Iran on Sunday notified the IAEA that it would apply a protocol granting inspectors greater access to its nuclear sites, a further step in the implementation of a historic deal struck with world powers, the UN nuclear watchdog said.

The announcement came as the European Union's foreign policy chief Federica Mogherini and Iranian Foreign Minister Mohammad Javad Zarif were set to make a statement on the lifting of crippling sanctions on Tehran, as part of the so-called Joint Comprehensive Plan of Action signed in Vienna in July.

"On October 18, the director general of the International Atomic Energy Agency was informed by the Islamic Republic of Iran that... Iran will provisionally apply the Additional Protocol to its Safeguards Agreement, pending its ratification by the (parliament)," the IAEA said in a statement.

Sunday, the so-called "adoption day", marks 90 days after Iran, the United States, Britain, France, Germany, Russia and China reached an agreement under which most sanctions on Iran would be lifted in exchange for limits on Tehran's nuclear activities.

Iran is expected within days to start dismantling parts of its nuclear facilities and reducing its uranium stockpiles under international supervision.

Majid Asgaripour (MEHR NEWS/AFP/File)

Ali Akbar Salehi, head of Iran's nuclear agency, told state television he was awaiting President Hassan Rouhani's order to remove thousands of centrifuges from atomic sites at Natanz and Fordo.

The rendering of the centrifuges -- fast-spinning machines that enrich uranium -- was part of a July 14 deal, known as the Joint Comprehensive Plan of Action, between Iran and six world powers to end a 13-year dispute over Tehran's atomic activities.

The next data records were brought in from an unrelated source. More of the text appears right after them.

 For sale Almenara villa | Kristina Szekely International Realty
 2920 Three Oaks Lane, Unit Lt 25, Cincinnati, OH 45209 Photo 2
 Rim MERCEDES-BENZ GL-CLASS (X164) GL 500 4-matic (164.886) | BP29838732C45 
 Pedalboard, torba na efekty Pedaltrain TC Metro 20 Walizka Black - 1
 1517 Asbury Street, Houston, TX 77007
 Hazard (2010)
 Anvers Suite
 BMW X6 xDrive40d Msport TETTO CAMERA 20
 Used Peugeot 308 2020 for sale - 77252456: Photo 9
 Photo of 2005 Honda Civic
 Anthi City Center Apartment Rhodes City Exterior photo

The actual lifting of the crippling economic sanctions will take effect around the end of the year, after the IAEA certifies that Iran has met its commitments under the July 14 agreement.

"We will start our actions when the president gives the order," Salehi said of Rouhani, estimating that the work to comply with the JCPOA would take around two months.

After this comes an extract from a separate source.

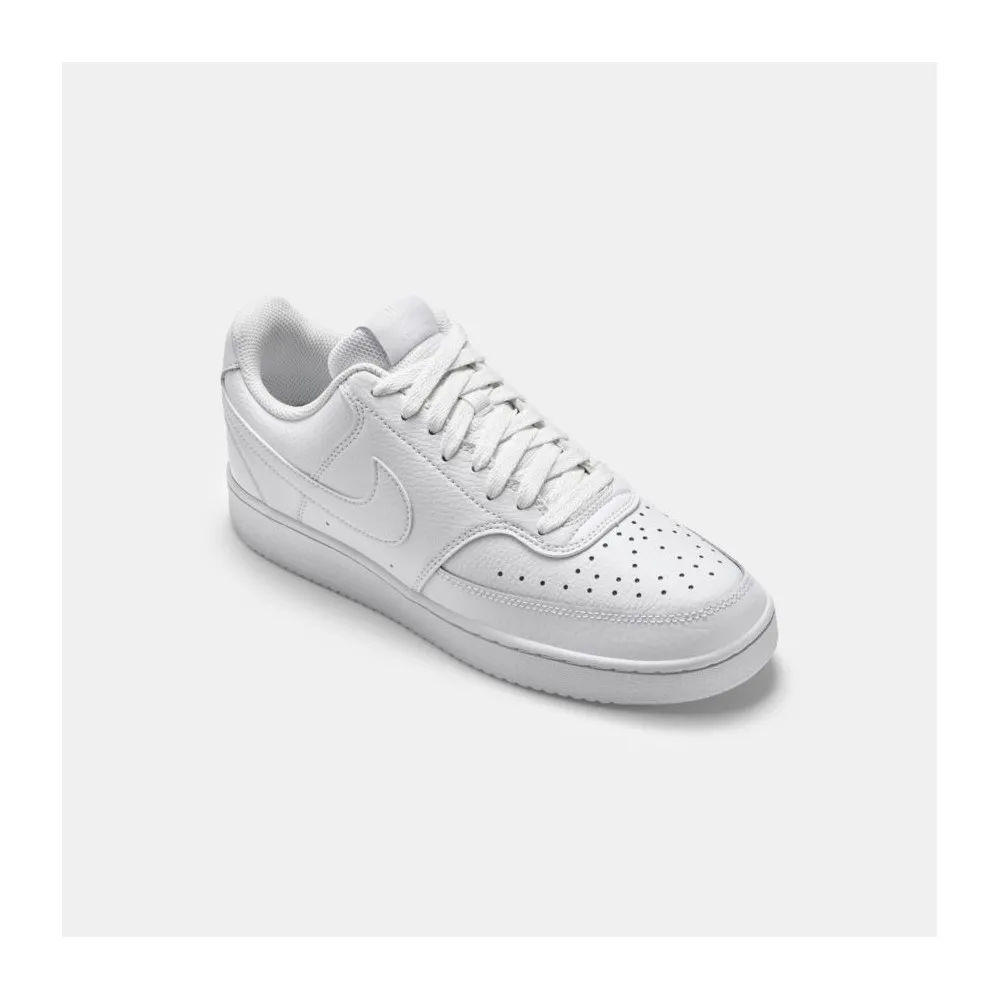 SCARPE CD5434-100 Women's Nike Court Vision Low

"What we need to accomplish is a huge task. We hope to start this week or next week."

The additional protocol is a voluntary agreement enabling the IAEA to gain greater access to Iran's nuclear facilities and research, to ensure that no atomic material is diverted to any covert weapons program -- an aim denied strenuously by Tehran.

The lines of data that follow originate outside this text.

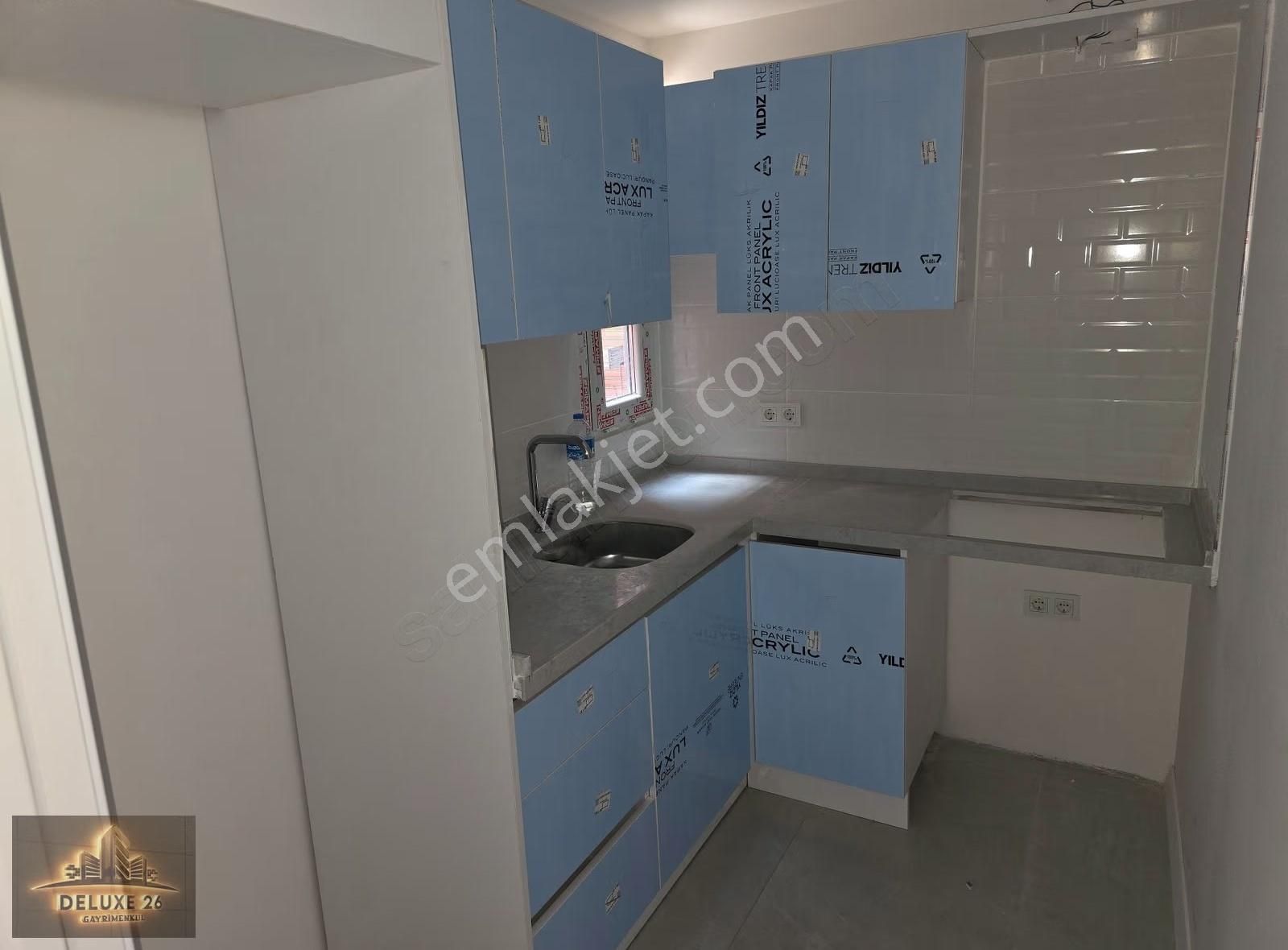 Sıfır Binada Deniz Manzaralı Teraslı 2+2 120 M2 Dublex Daire - Görsel 19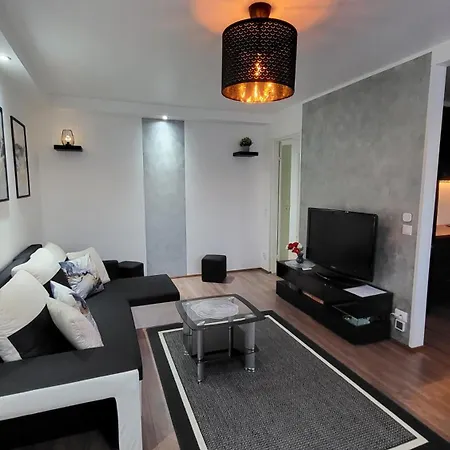 Apartment Mini-spa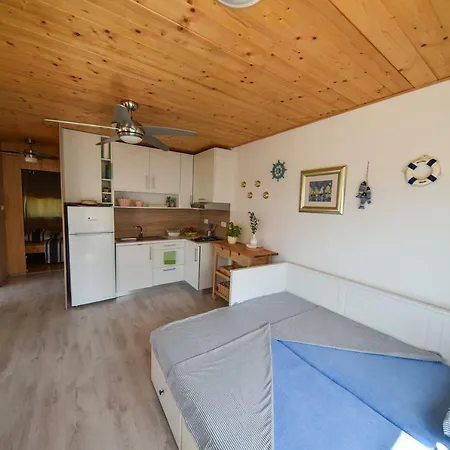 Mobile House Vitamin Sea *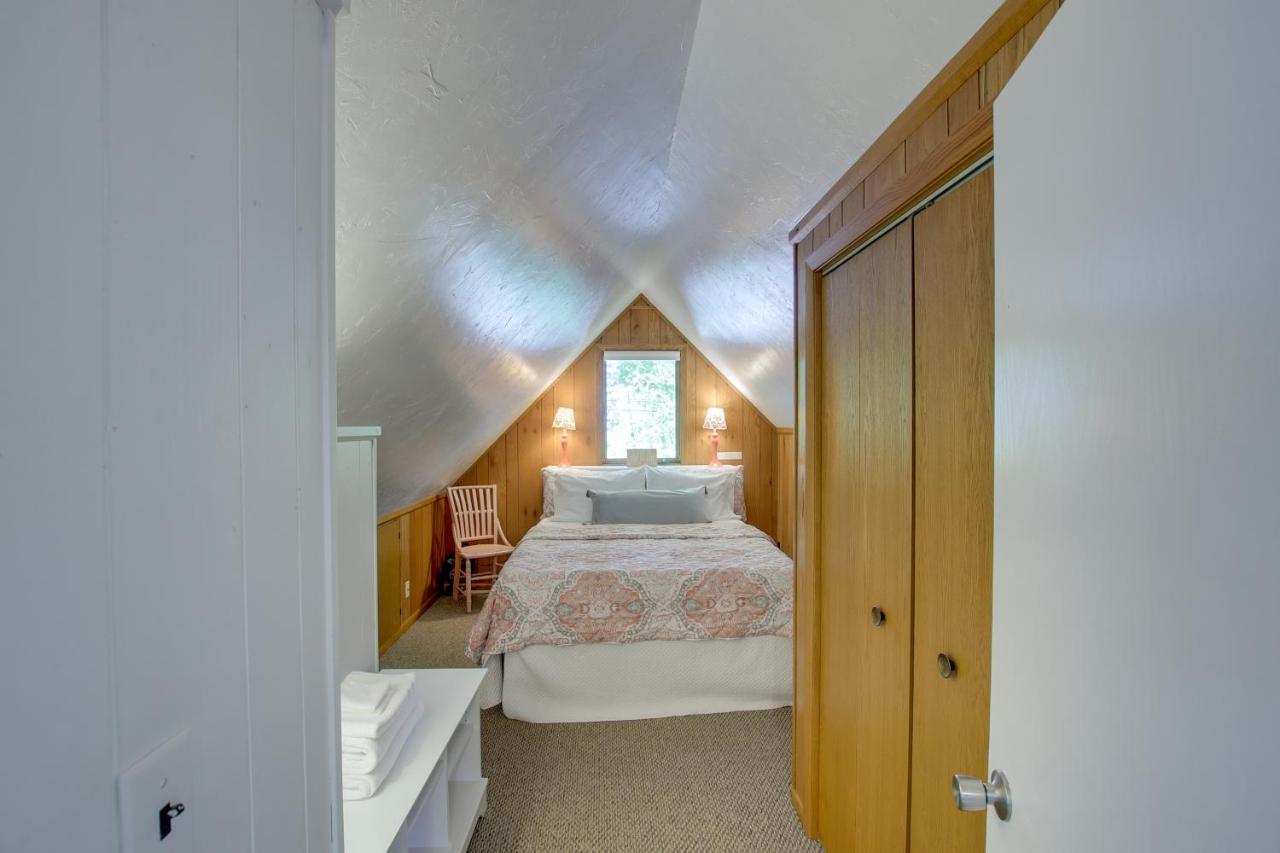 Updated Home With Deck 2 Mi To Sister Bay Beach! Екстер'єр фото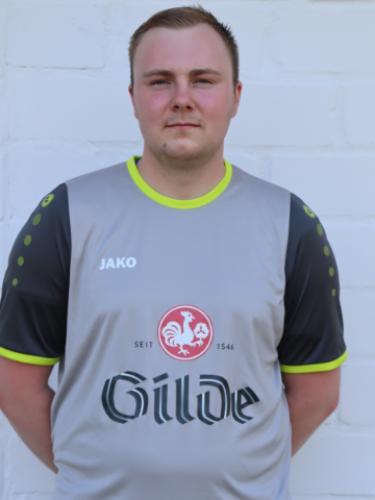 Torben Fähse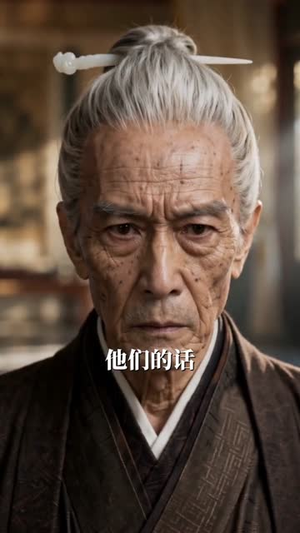 和离后她为何权倾朝野(81集) 和离后她为何权倾朝野(81集)爆款短剧抢先看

Iran had been a signatory to the protocol from 2003 until 2006 before pulling out of the agreement.

Under the landmark deal struck in July, Iran pledged to dramatically scale down its nuclear activities in order to render any effort to make an atomic bomb virtually impossible.

In return, the world powers must finalize the mechanism for lifting UN and Western sanctions.


Lifting of sanctions

In addition to Washington's conditional orders to suspend US nuclear-related sanctions, the United States, China and Iran will release a joint statement on Sunday committing themselves to the redesign and reconstruction of the Arak research reactor so that it does not produce plutonium.

The fate of the Arak reactor was one of the toughest sticking points in the nearly two years of negotiations that led to the agreement.

Among its key commitments under the deal, Iran agreed to remove thousands of uranium-enriching centrifuges from its facilities at Natanz and Fordow and place them in monitored storage. It will pour cement into the reactor core of its plutonium processing plant at Arak, then redesign it into a less-dangerous light-water reactor.

Unilateral US sanctions against Iran not tied to its atomic program, such as those related to human rights, will remain even after the nuclear deal is implemented.

Once the deal is implemented, Iran will still be "called upon" to refrain from undertaking any work on ballistic missiles designed to deliver nuclear weapons for a period of up to eight years, according to a Security Council resolution adopted in July.

On Thursday, the IAEA said it had completed on schedule gathering information in its probe into Iran's alleged past efforts to develop nuclear weapons.

The agency's chief Yukiya Amano is expected to provide a final assessment on the investigation by December 15.